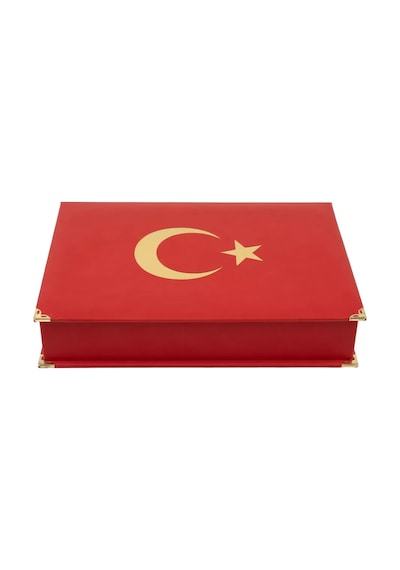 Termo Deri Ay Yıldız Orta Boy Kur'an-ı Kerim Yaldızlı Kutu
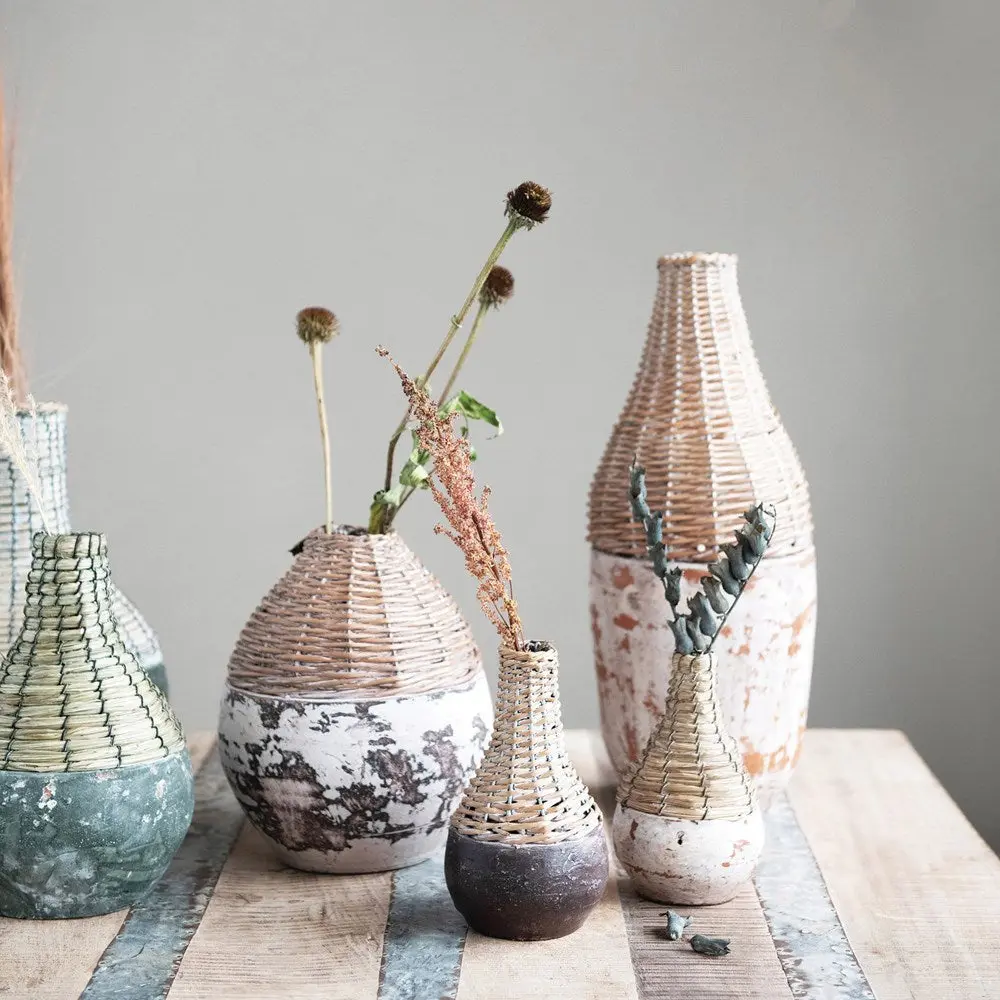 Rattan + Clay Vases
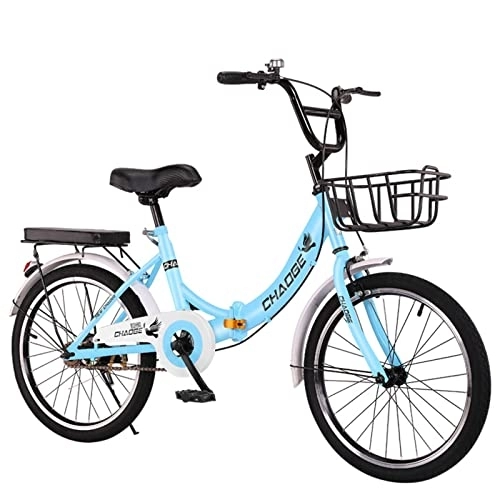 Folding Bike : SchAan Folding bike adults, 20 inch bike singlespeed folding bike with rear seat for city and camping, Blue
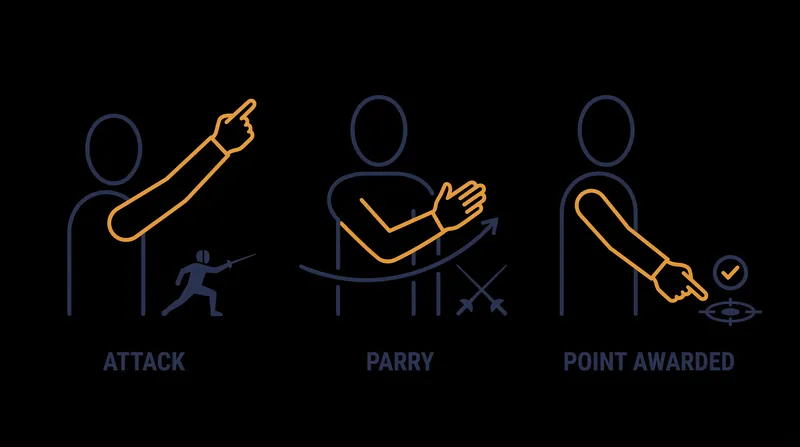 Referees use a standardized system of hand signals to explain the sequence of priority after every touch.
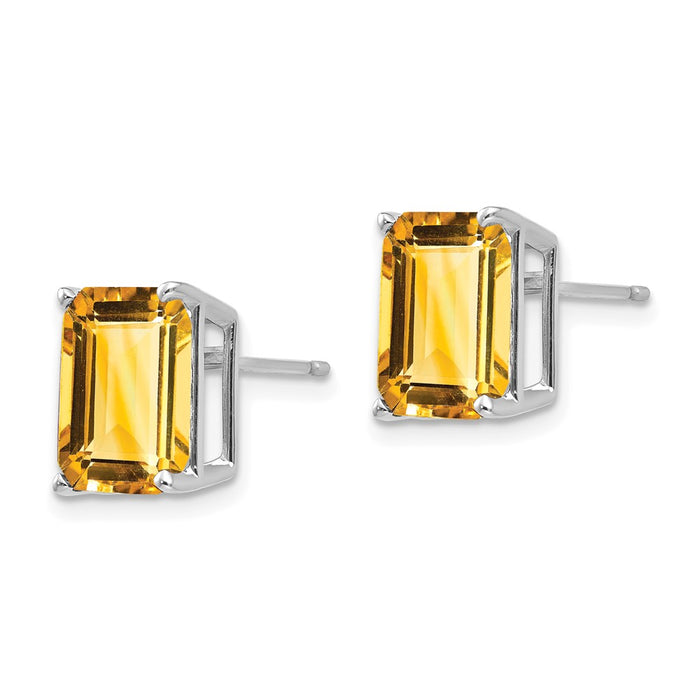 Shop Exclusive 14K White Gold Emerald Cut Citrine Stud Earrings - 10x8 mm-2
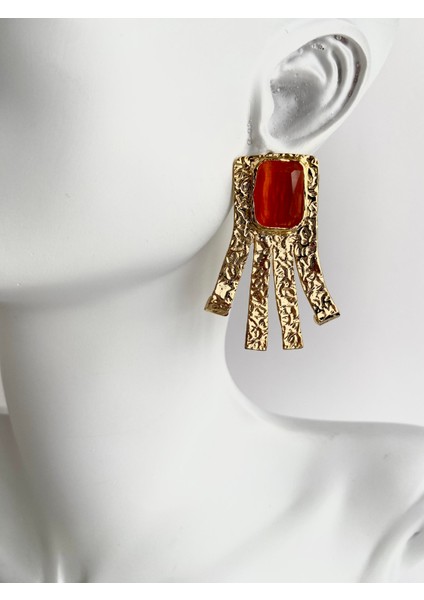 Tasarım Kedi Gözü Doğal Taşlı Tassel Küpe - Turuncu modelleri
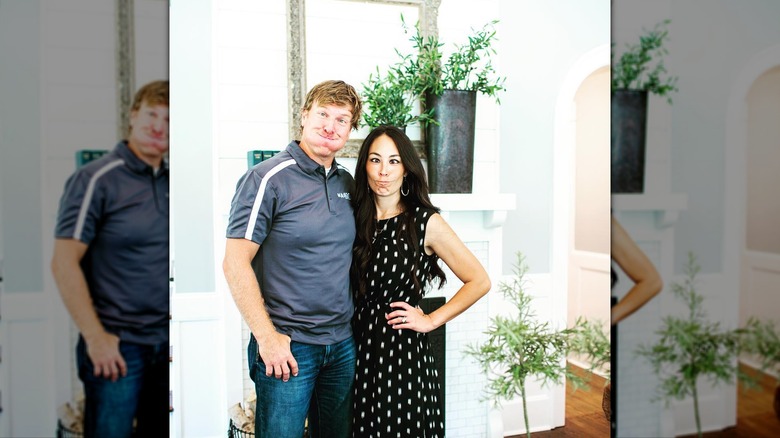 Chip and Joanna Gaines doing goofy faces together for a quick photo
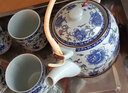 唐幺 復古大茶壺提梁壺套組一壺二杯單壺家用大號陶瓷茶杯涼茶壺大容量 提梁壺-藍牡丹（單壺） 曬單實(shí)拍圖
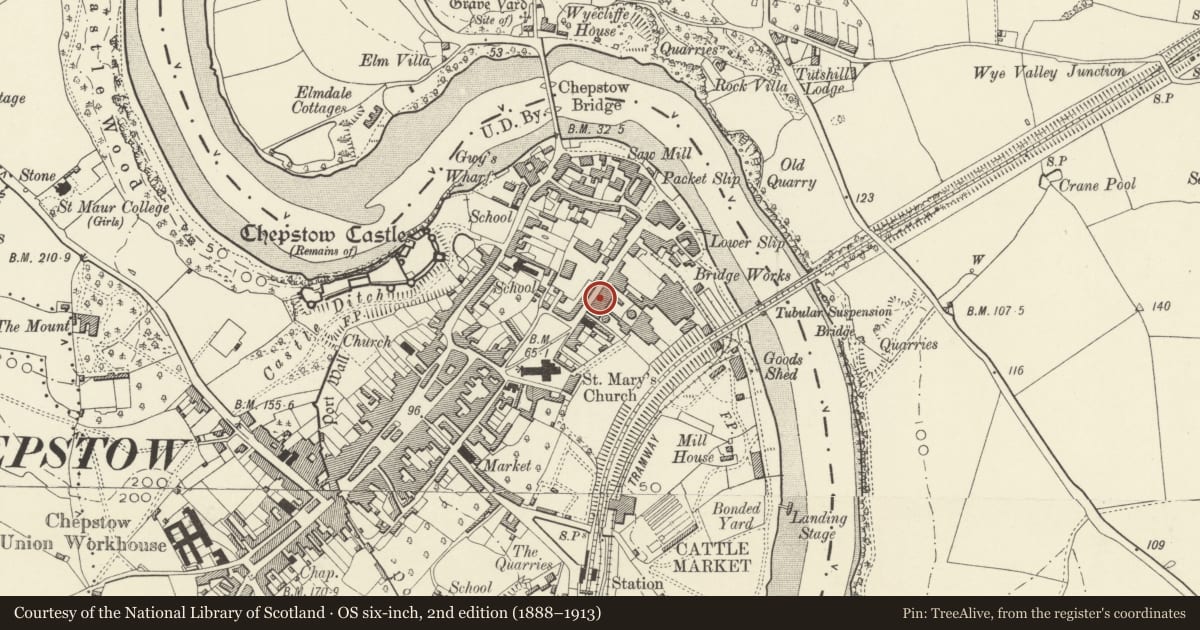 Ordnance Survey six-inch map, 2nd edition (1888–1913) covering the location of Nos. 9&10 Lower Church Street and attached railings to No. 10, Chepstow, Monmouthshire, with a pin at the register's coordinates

○ ○ ○ ○ ○

Exercise
The response should contain every record above exactly as written, and none of the pictures.

Your solution
 Termo Deri Ay Yıldız Orta Boy Kur'an-ı Kerim Yaldızlı Kutu
 Rattan + Clay Vases
 Folding Bike : SchAan Folding bike adults, 20 inch bike singlespeed folding bike with rear seat for city and camping, Blue
 Referees use a standardized system of hand signals to explain the sequence of priority after every touch.
 Shop Exclusive 14K White Gold Emerald Cut Citrine Stud Earrings - 10x8 mm-2
 Tasarım Kedi Gözü Doğal Taşlı Tassel Küpe - Turuncu modelleri
 Chip and Joanna Gaines doing goofy faces together for a quick photo
 唐幺 復古大茶壺提梁壺套組一壺二杯單壺家用大號陶瓷茶杯涼茶壺大容量 提梁壺-藍牡丹（單壺） 曬單實(shí)拍圖
 Ordnance Survey six-inch map, 2nd edition (1888–1913) covering the location of Nos. 9&10 Lower Church Street and attached railings to No. 10, Chepstow, Monmouthshire, with a pin at the register's coordinates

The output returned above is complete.